> Exercise details
Starting at the line that holds "this 400×240 image.", copy every line exactly through the end of the data, and no others.

________________

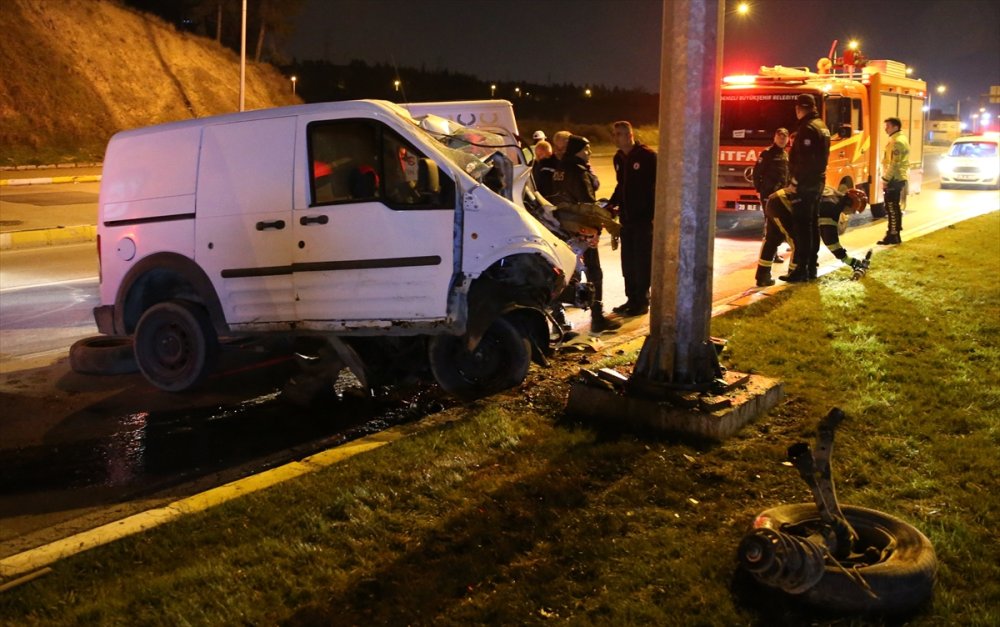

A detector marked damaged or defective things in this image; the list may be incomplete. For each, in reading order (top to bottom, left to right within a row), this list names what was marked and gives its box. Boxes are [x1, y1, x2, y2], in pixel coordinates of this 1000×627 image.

detached tire [69, 336, 138, 376]
detached tire [134, 300, 218, 392]
detached tire [434, 318, 536, 402]
detached tire [752, 502, 940, 616]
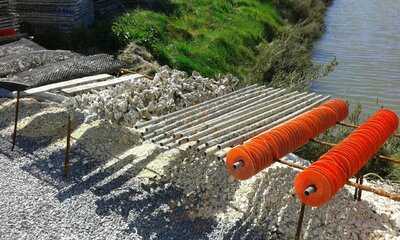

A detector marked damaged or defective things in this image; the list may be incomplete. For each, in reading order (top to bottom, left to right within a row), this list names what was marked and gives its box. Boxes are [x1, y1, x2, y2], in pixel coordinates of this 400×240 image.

rusty metal rod [134, 84, 260, 129]
rusty metal rod [312, 139, 400, 165]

________________

> Solution to this exercise
A detector marked damaged or defective things in this image; the list may be incomplete. For each, in reading order (top to bottom, left to right within a row), this list names what was marked and gives its box. Boxes are [x1, y1, x2, y2], in pixel coordinates of this 400×240 image.

rusty metal rod [134, 84, 260, 129]
rusty metal rod [312, 139, 400, 165]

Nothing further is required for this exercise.